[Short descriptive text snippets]
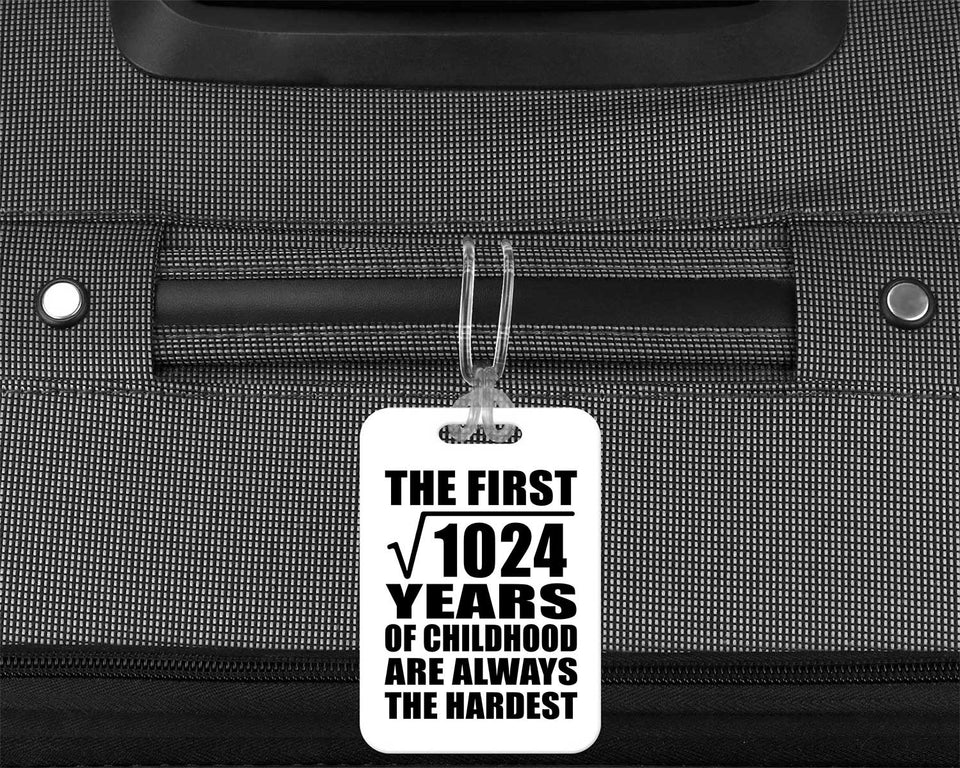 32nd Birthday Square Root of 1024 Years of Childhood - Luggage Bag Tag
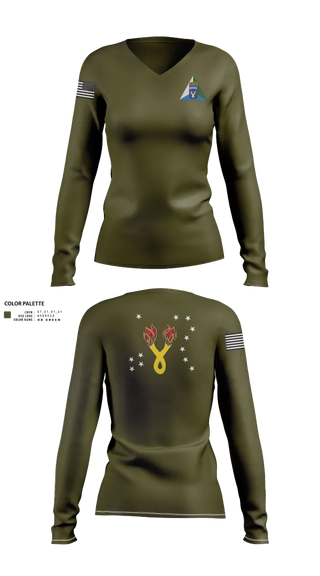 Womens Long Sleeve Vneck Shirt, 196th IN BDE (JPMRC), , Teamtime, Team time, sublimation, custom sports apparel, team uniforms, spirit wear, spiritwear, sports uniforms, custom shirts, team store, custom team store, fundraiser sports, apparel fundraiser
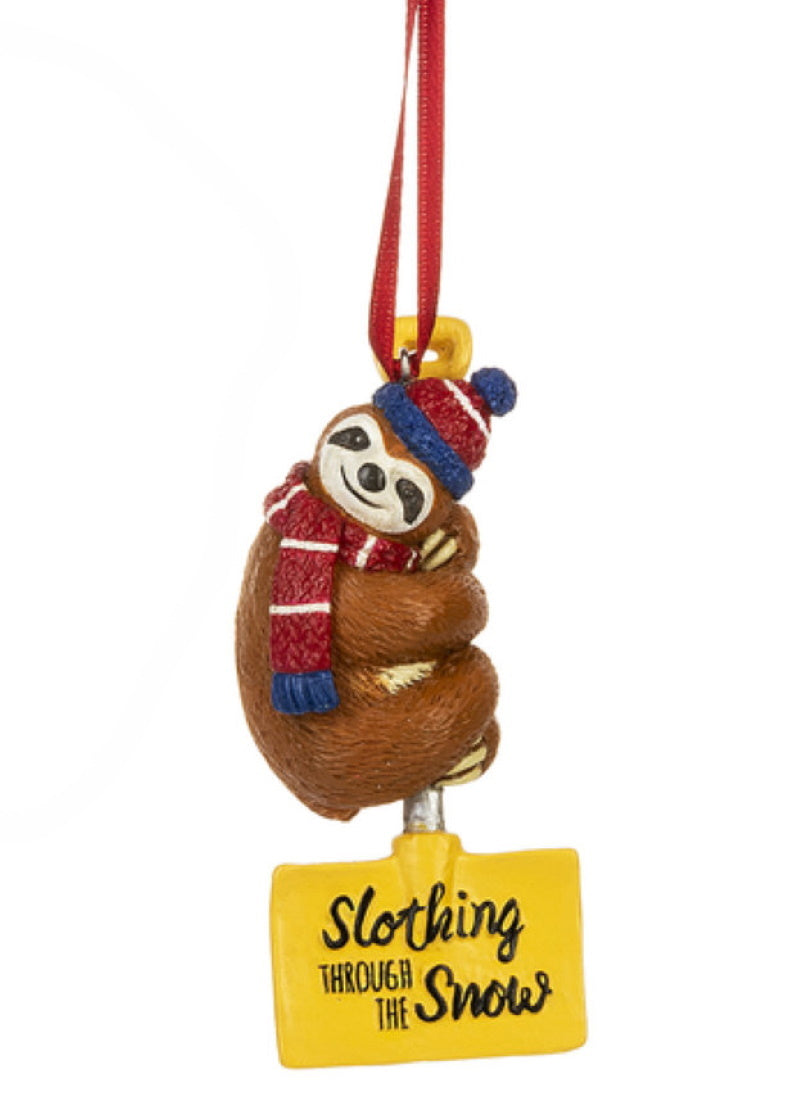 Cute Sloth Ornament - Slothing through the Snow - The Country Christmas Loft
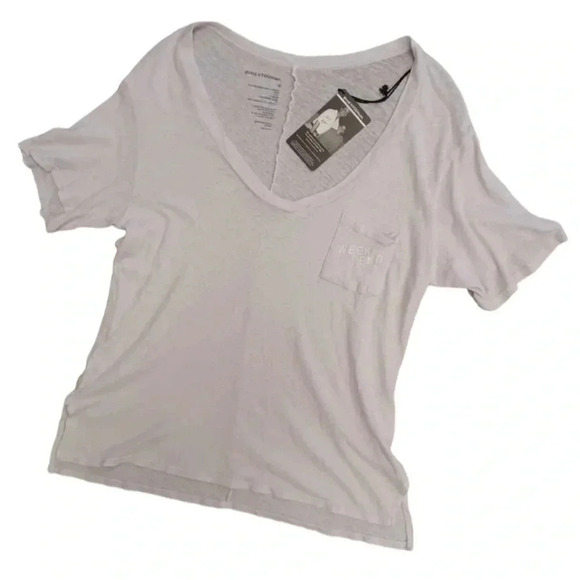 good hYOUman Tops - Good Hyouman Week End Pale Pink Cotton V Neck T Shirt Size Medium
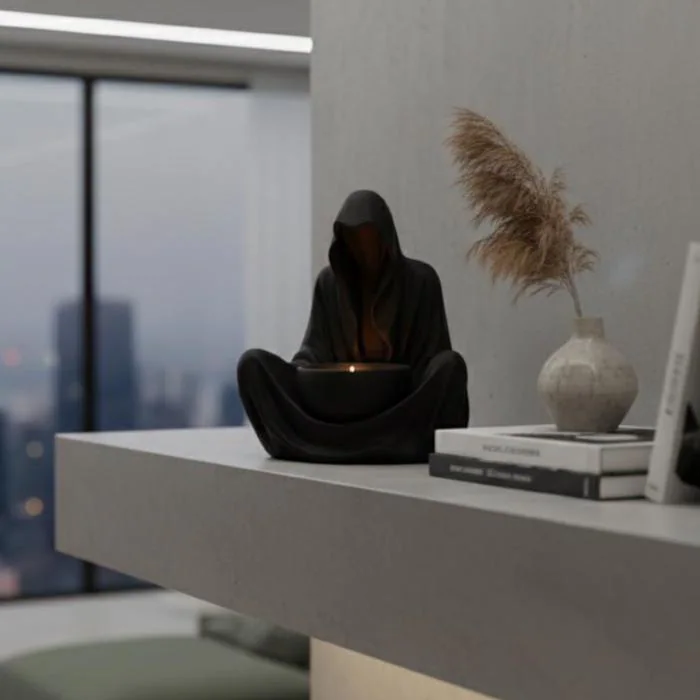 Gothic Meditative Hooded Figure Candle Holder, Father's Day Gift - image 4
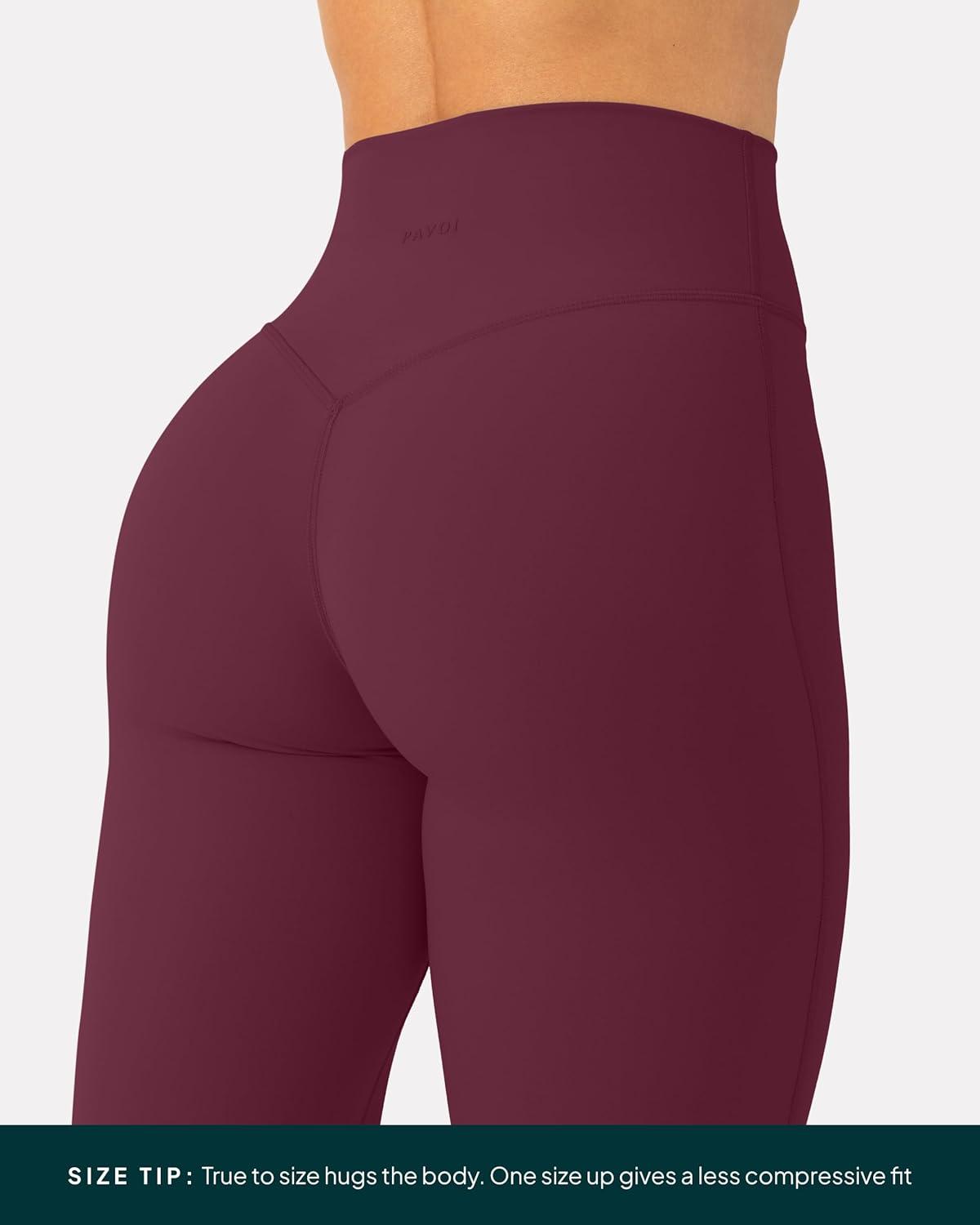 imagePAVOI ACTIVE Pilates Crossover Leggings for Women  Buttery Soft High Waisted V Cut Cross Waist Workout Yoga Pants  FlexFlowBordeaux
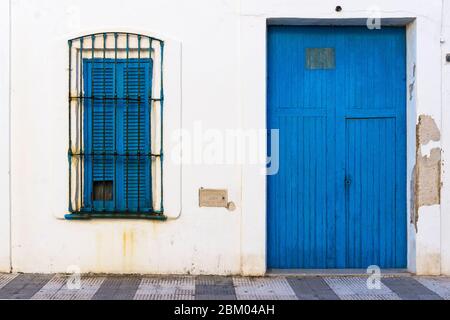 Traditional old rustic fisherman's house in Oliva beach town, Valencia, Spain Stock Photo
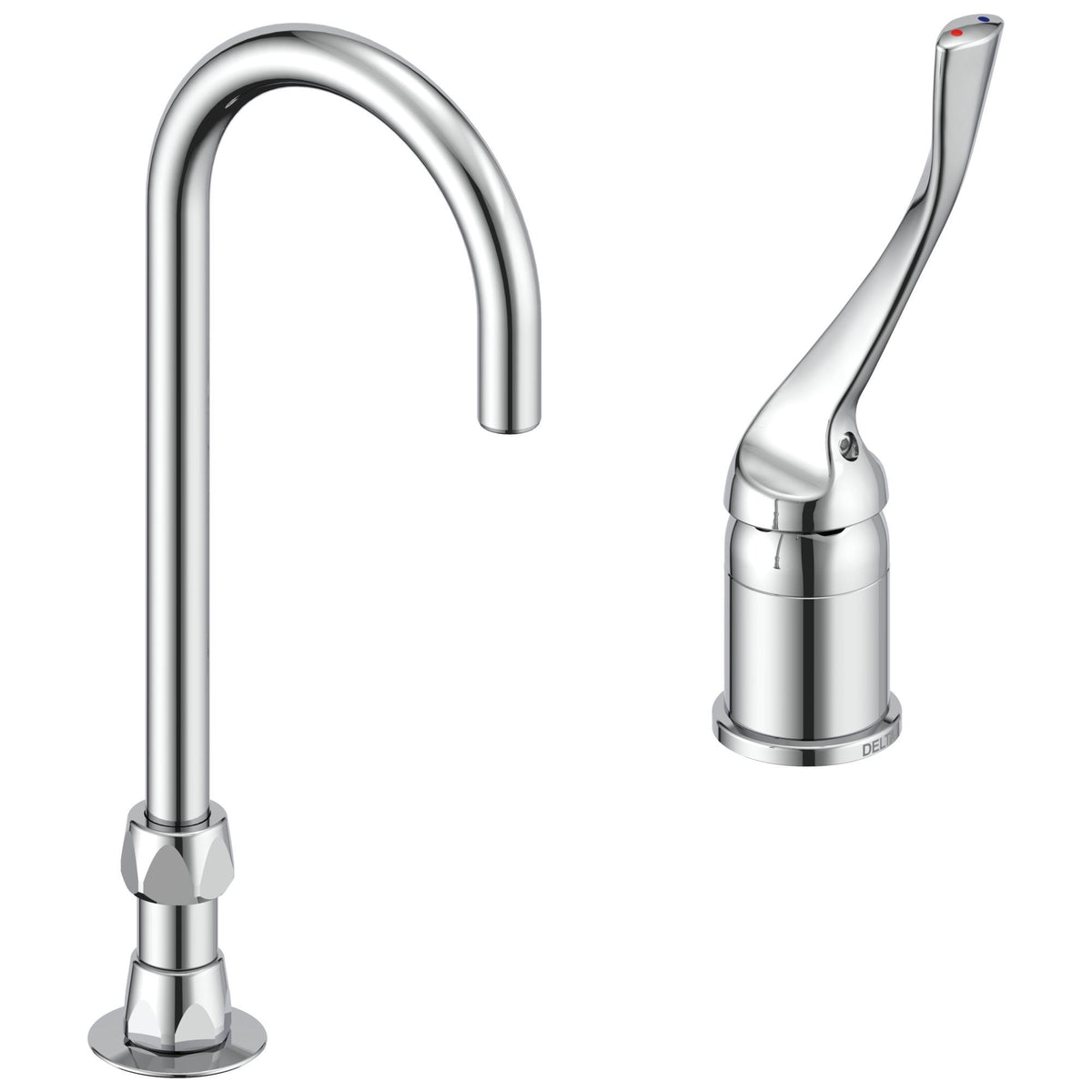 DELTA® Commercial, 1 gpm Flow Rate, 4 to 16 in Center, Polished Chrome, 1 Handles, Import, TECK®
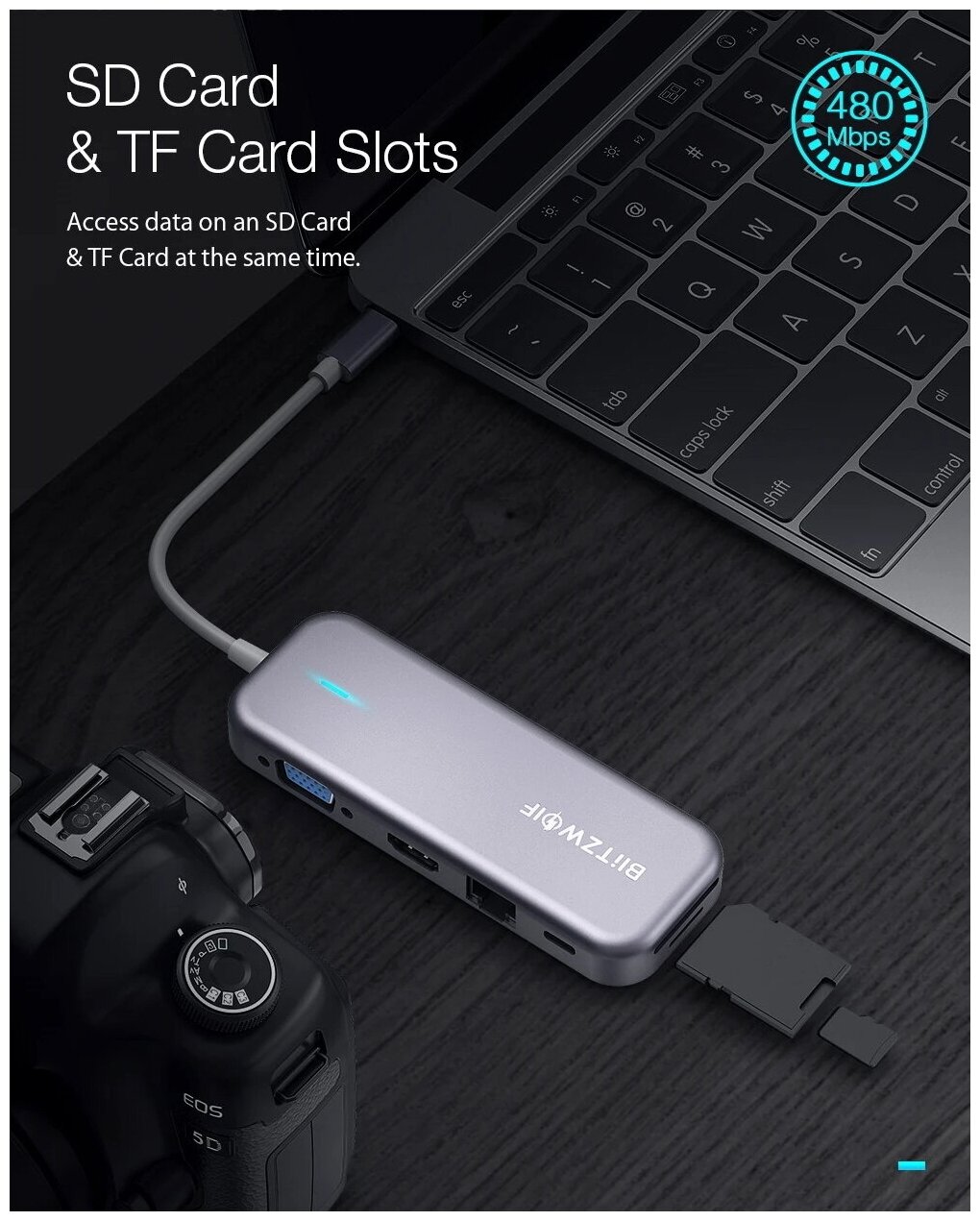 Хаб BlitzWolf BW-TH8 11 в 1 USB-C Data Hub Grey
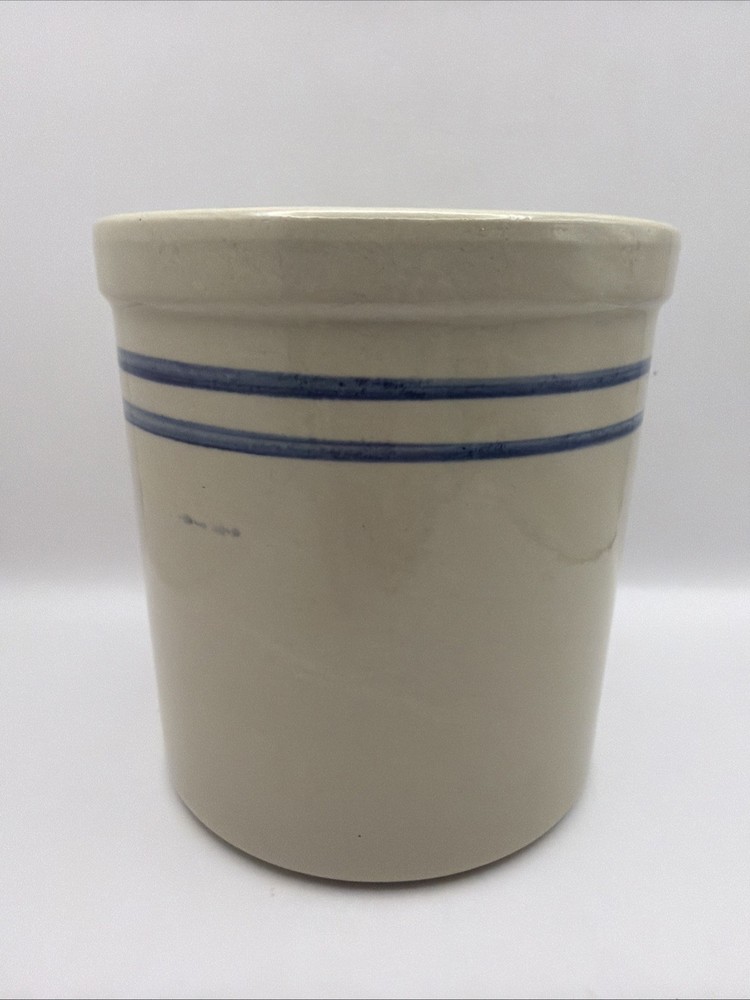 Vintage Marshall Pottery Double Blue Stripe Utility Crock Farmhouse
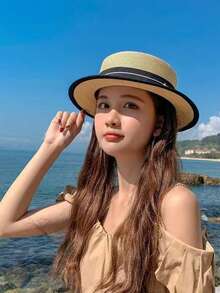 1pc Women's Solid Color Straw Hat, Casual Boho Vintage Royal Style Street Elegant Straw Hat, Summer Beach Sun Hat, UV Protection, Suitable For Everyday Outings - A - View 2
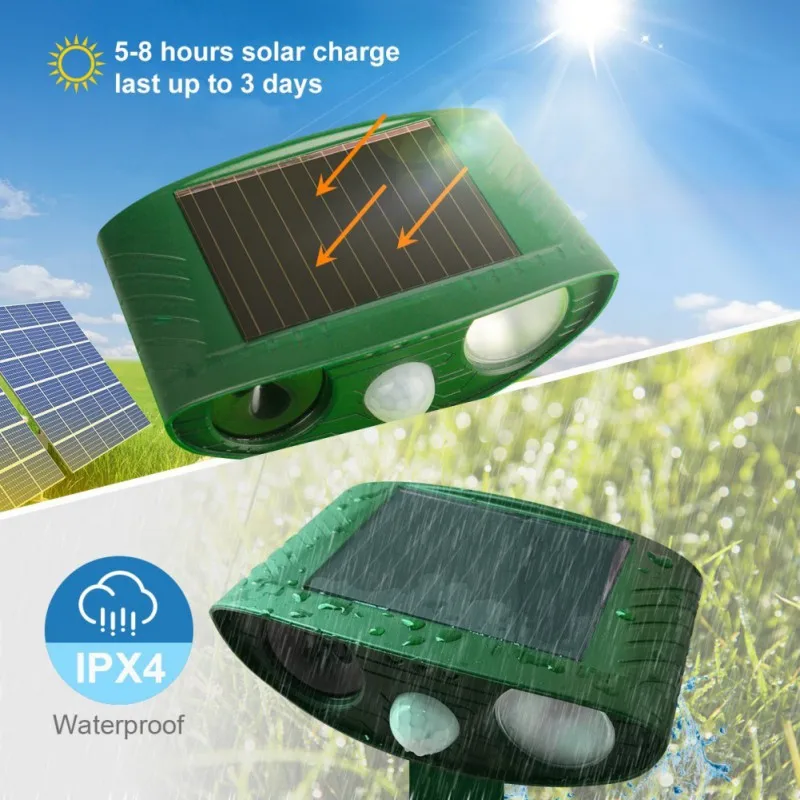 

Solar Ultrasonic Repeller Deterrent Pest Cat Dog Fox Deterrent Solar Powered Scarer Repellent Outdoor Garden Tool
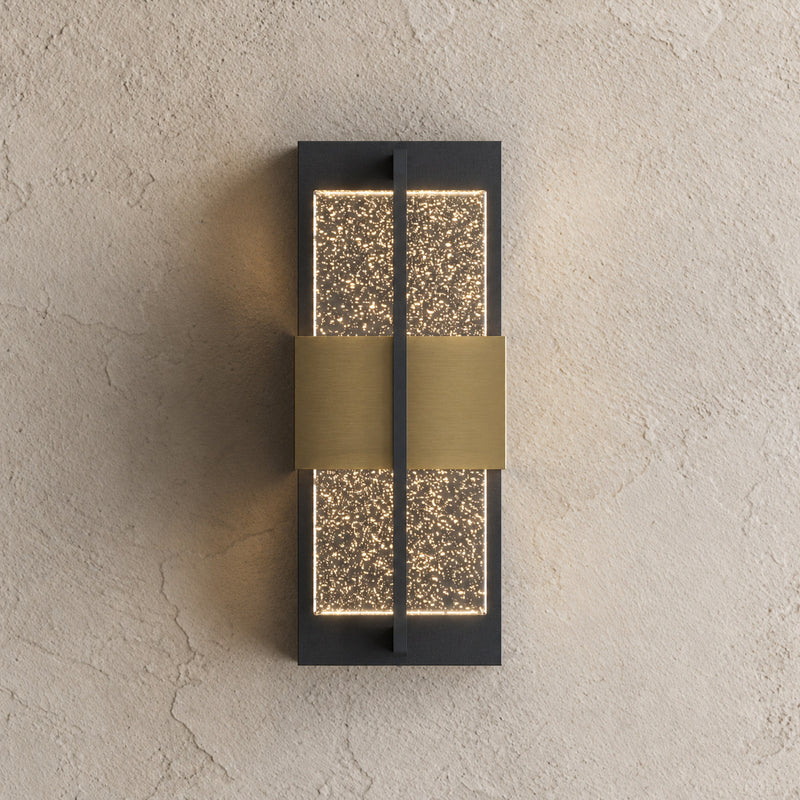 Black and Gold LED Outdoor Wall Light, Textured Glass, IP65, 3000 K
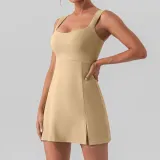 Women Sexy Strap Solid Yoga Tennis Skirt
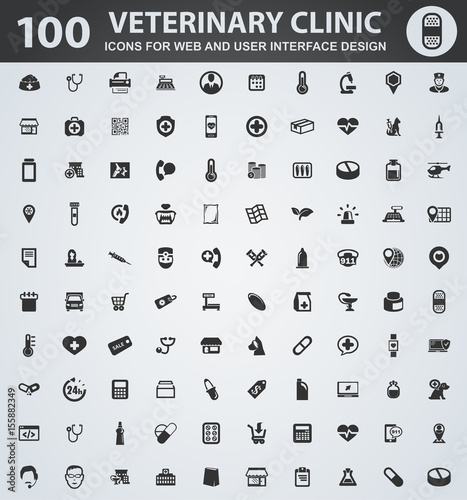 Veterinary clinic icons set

YOUR GOAL:
From the first line to the last, retype the data exactly, without images.

RESULT OF THE EXERCISE:
 32nd Birthday Square Root of 1024 Years of Childhood - Luggage Bag Tag
 Womens Long Sleeve Vneck Shirt, 196th IN BDE (JPMRC), , Teamtime, Team time, sublimation, custom sports apparel, team uniforms, spirit wear, spiritwear, sports uniforms, custom shirts, team store, custom team store, fundraiser sports, apparel fundraiser
 Cute Sloth Ornament - Slothing through the Snow - The Country Christmas Loft
 good hYOUman Tops - Good Hyouman Week End Pale Pink Cotton V Neck T Shirt Size Medium
 Gothic Meditative Hooded Figure Candle Holder, Father's Day Gift - image 4
 imagePAVOI ACTIVE Pilates Crossover Leggings for Women  Buttery Soft High Waisted V Cut Cross Waist Workout Yoga Pants  FlexFlowBordeaux
 Traditional old rustic fisherman's house in Oliva beach town, Valencia, Spain Stock Photo
 DELTA® Commercial, 1 gpm Flow Rate, 4 to 16 in Center, Polished Chrome, 1 Handles, Import, TECK®
 Хаб BlitzWolf BW-TH8 11 в 1 USB-C Data Hub Grey
 Vintage Marshall Pottery Double Blue Stripe Utility Crock Farmhouse
 1pc Women's Solid Color Straw Hat, Casual Boho Vintage Royal Style Street Elegant Straw Hat, Summer Beach Sun Hat, UV Protection, Suitable For Everyday Outings - A - View 2

Solar Ultrasonic Repeller Deterrent Pest Cat Dog Fox Deterrent Solar Powered Scarer Repellent Outdoor Garden Tool
 Black and Gold LED Outdoor Wall Light, Textured Glass, IP65, 3000 K
 Women Sexy Strap Solid Yoga Tennis Skirt
 Veterinary clinic icons set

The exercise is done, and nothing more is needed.